Exercise:
Whenever an image turns up, omit it and return the remaining data exactly.

**** Dataset extract ****

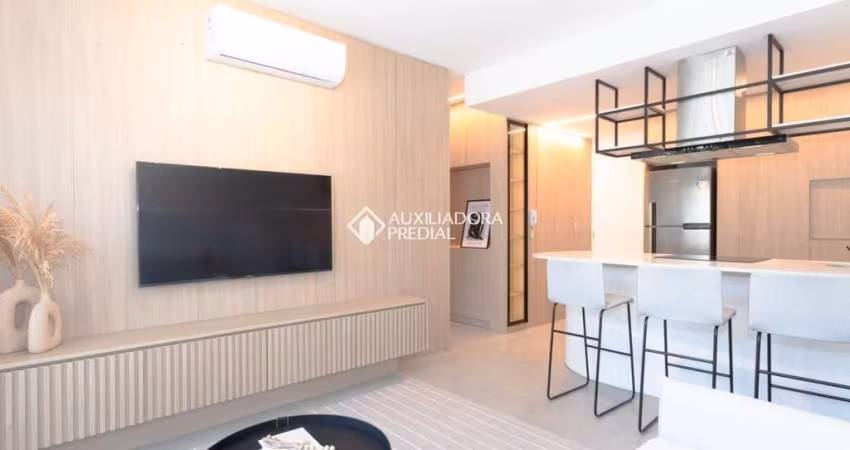 Apartamento com 1 quarto à venda na Rua Jaime Telles, 136, Petrópolis, Porto Alegre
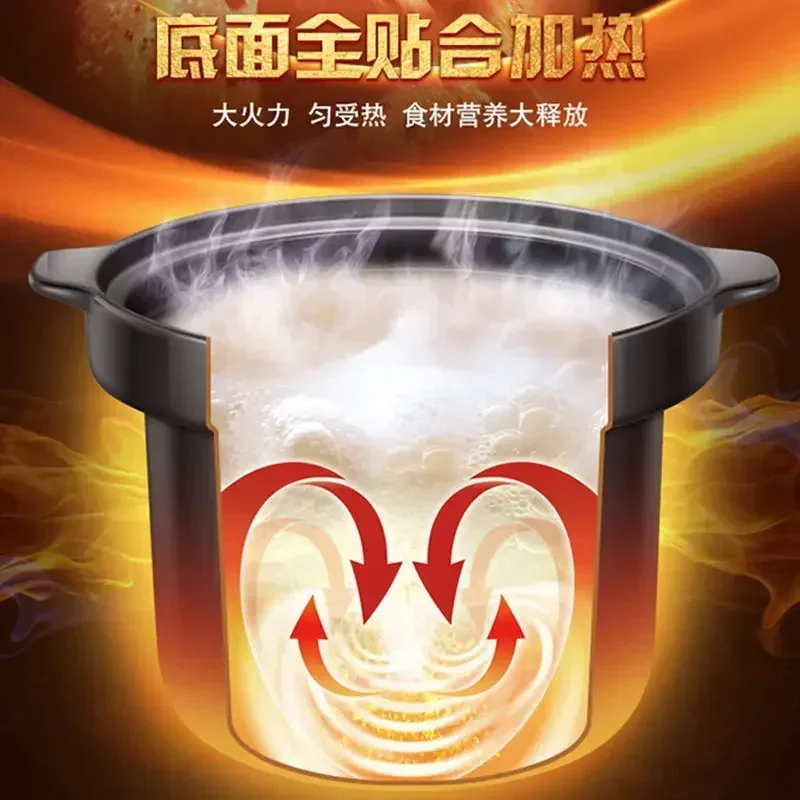 Мультиварная посуда домашняя мультиварка электрическая суповая кастрюля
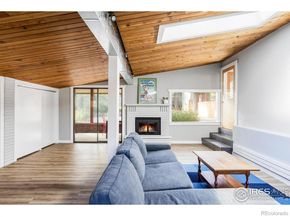 205 Camden Place, Boulder CO 80302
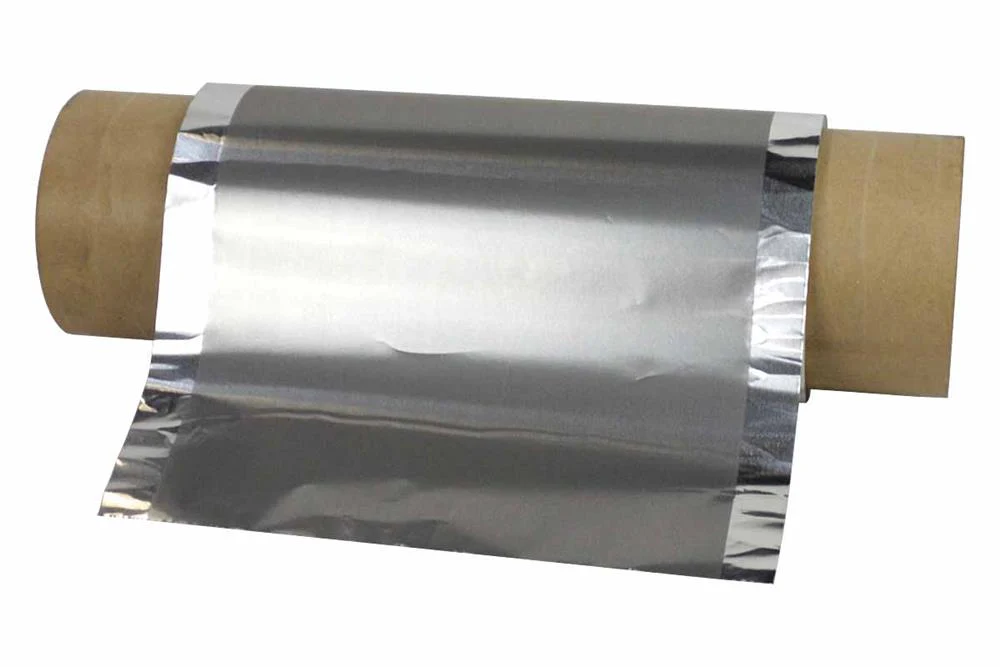 Double Sides Conductive Carbon Coated Aluminum Foil for Battery Cathode Substrate (260/180 mm W x 18um Thickness) - CCAL-18u - Image 3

****

Result:
 Apartamento com 1 quarto à venda na Rua Jaime Telles, 136, Petrópolis, Porto Alegre
 Мультиварная посуда домашняя мультиварка электрическая суповая кастрюля
 205 Camden Place, Boulder CO 80302
 Double Sides Conductive Carbon Coated Aluminum Foil for Battery Cathode Substrate (260/180 mm W x 18um Thickness) - CCAL-18u - Image 3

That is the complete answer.